Initially however totally forgot to put a piece of fuel tube on the breather nipple which resulted in a nice river of oil on the bottom of the fuselage after a few minutes of running. I wonder if I put a seperate tank just for oil in the fuselage if I could reuse it?
Holy Cow! U got covering to go over your cowl. I'll take that, even with the seams, over painting and masking that type color pattern any day of the week. Another well done classic Sig. U R correct about the gloss of covering and getting the color to match. I've tried using 600 grit to take the shine off and or spraying some Krylon satin clear. I think the Krylon works better.
You do not want to try and save the oil from the crankcase to reuse may have too many contaminates. If you have some clear monokote or any clear covering you could print out the Saito logo and cover it with the clear covering.
I have a set from Fiberglass Specialties already on order. I could build another set but buying another bag of ultracal was more money.
I got better paint today. It matches the covering a lot better, though under certain light condition it's still not exactly perfect, but I really don't care at this point. I'm pretty sure it's as good as I'm going to get as getting a paint that matches under all lighting is pretty much an impossibility. I'm going to give it another week to cure before I clearcoat it and by that point the pants should be here.
Other than that I'm pretty much done. Now to just wait for a day with decent weather to re-maiden...
At some point I'll start putting together a set of floats for it. Float flying season is mostly over now because the water is too cold to comfortably swim in and I don't have a rescue boat so it'll probably end up being a winter project.
Went pretty darn well too, at least initially. It only needed like 5 clicks of down elevator and 2 of left aileron and then it was perfect. My math for the CG seems to have checked out too as well. Gear works fine, the toe-in I put into the mains I thought I'd have to reduce a bit but it actually felt great on the ground in the taxi test. I haven't flown a plane with a free castering tailwheel in a while so that took a little getting used to, but I honestly think I prefer that setup more than an actively steered tailwheel because it helps cut tail weight out and you can usually make tighter turns on the ground too.
I say all went well initially because as soon as I went to disassemble the airplane to clean it off and go home, both of the jury strut tabs on the main struts fell off! Due to the fact that the JB weld failed at the joint and didn't itself break, the tabs had been held there by pressure only for an undetermined portion of the flight I guess it was not up to the task. It's a good thing I didn't try to test if the struts actually increased the maximum allowable G load else I might be writing a postmortem instead of a flight report...

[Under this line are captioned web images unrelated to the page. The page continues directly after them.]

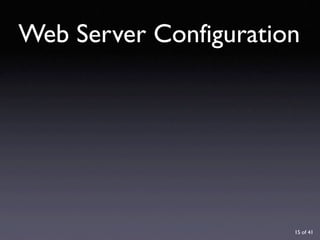 URL Design with Lasso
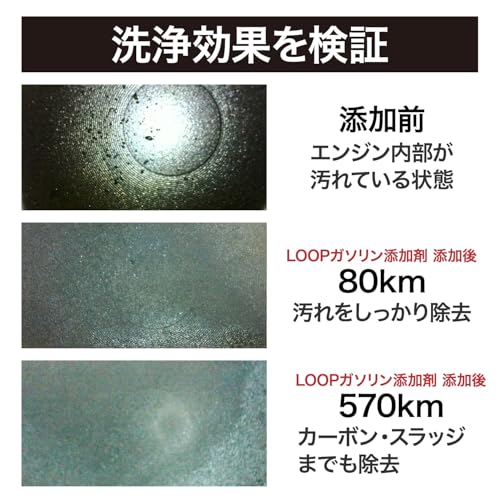 SurLuster(シュアラスター) ループ パワーショット 240ml×3本 ガソリン添加剤 ガソリン車 4サイクル PEA PIBA 特殊潤滑剤配合 洗浄系燃料添加剤 燃費改善 振動軽減 レスポンス回復 エンジン内洗浄効果 LP-16 中間 画像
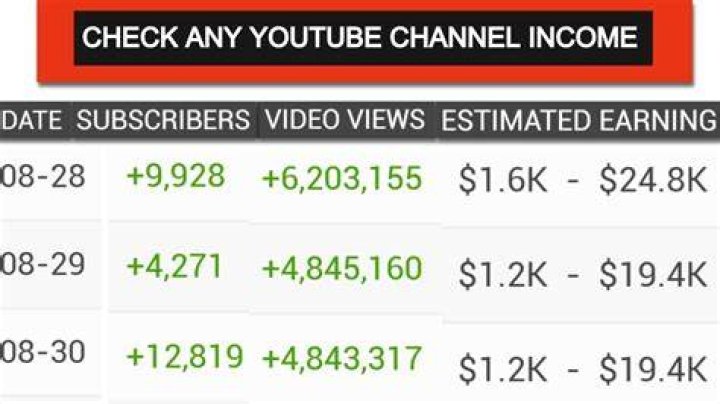 Tyler Tarot net worth, income and estimated earnings of Youtuber channel
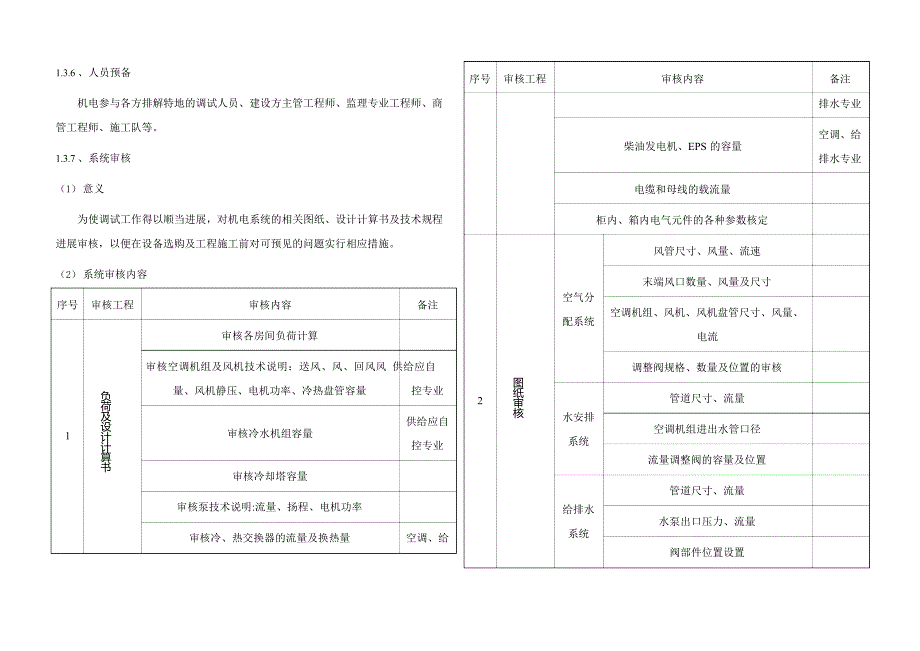 某EPC项目投标施组-调试、试运行与移交管理方案_第4页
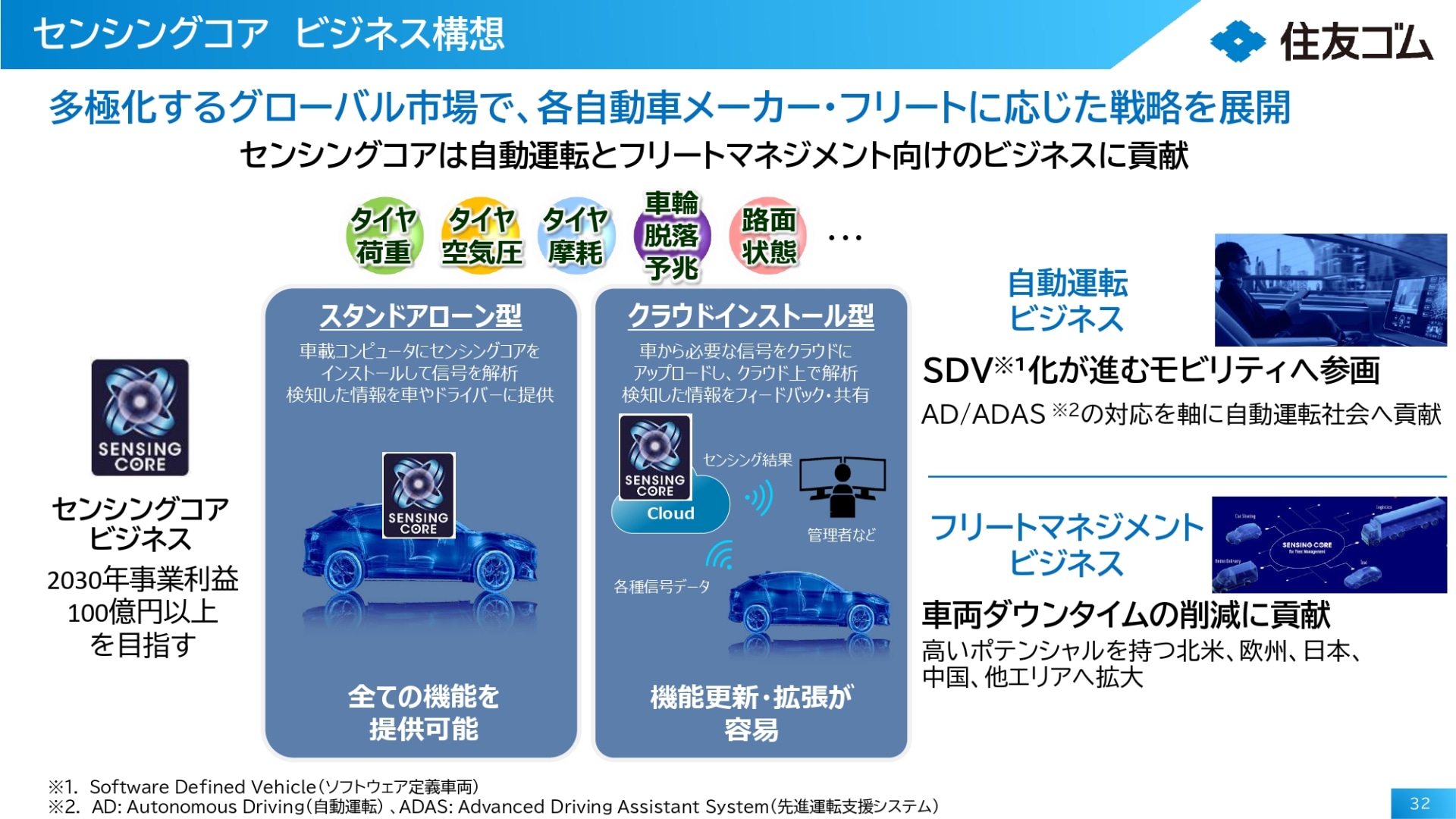 センシングコアのビジネス構想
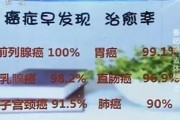 血癌症状揭秘！早期发现，早日治疗，为健康保驾护航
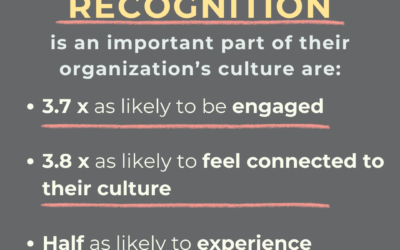 Unlocking The Power Of Recognition And Inclusion In The Workplace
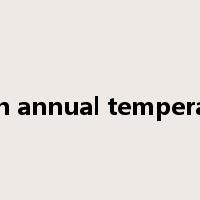 mean annual temperature是什么意思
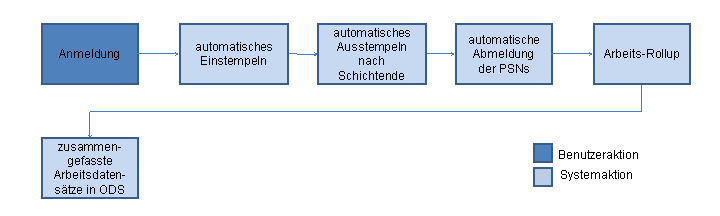 Die Abbildung wird im Begleittext erläutert.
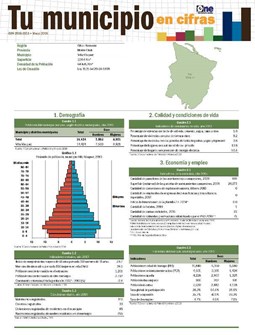 Boletín Tu Municipio en Cifras Cibao Noroeste-Montecristi-Villa Vásquez 2018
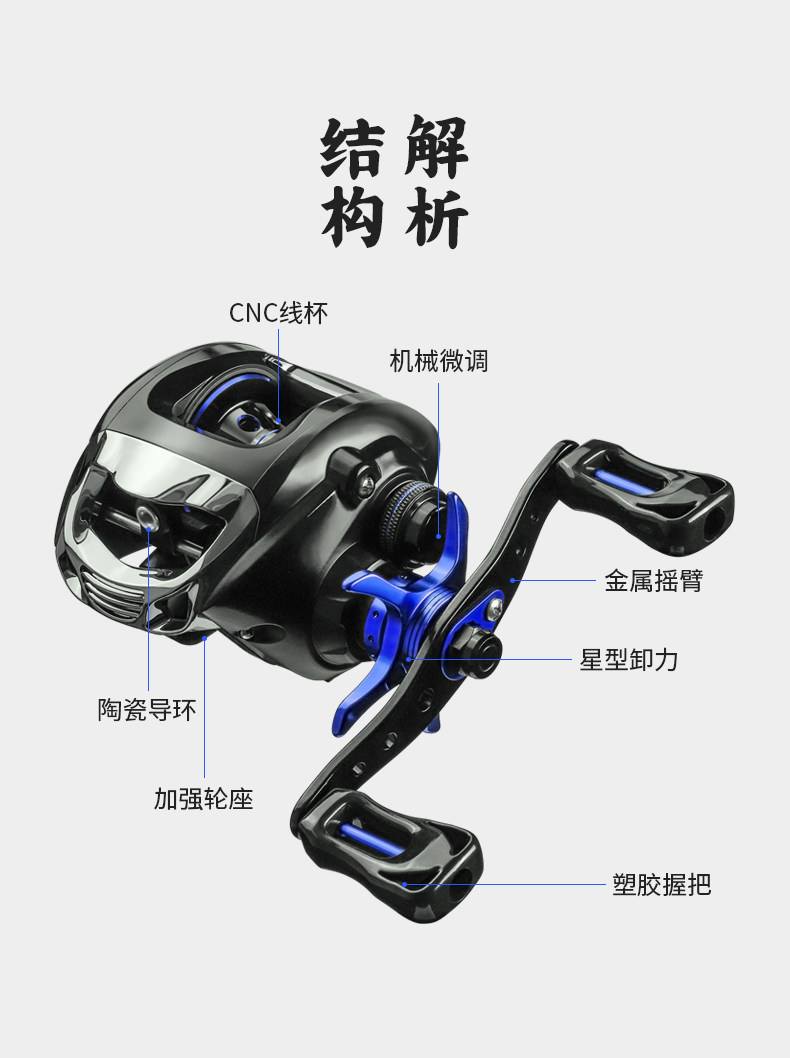 路亚刹车怎么调(路亚的刹车是什么意思)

With that, my original idea I had for struts is getting tossed out. The only reason it even had the jury struts in the first place was to keep the main struts from rotating because they've got clevises at both ends and also bear a little bit of G-load. I think what I'll do instead to replace it is crimp the strut at one end around a piece of thicker sheet aluminum which I'll then braze into place, and then just screw that into the fuselage bottom. I'm willing to bet the big hardwood block in the bottom of the fuselage which the steel bar screws into can handle the G-load just as well as the bar itself could. I will keep the clevis at the other end, but instead of the jury struts having clevises they'll either get deleted entirely or replaced with music wire brazed onto the strut, which would be much more secure.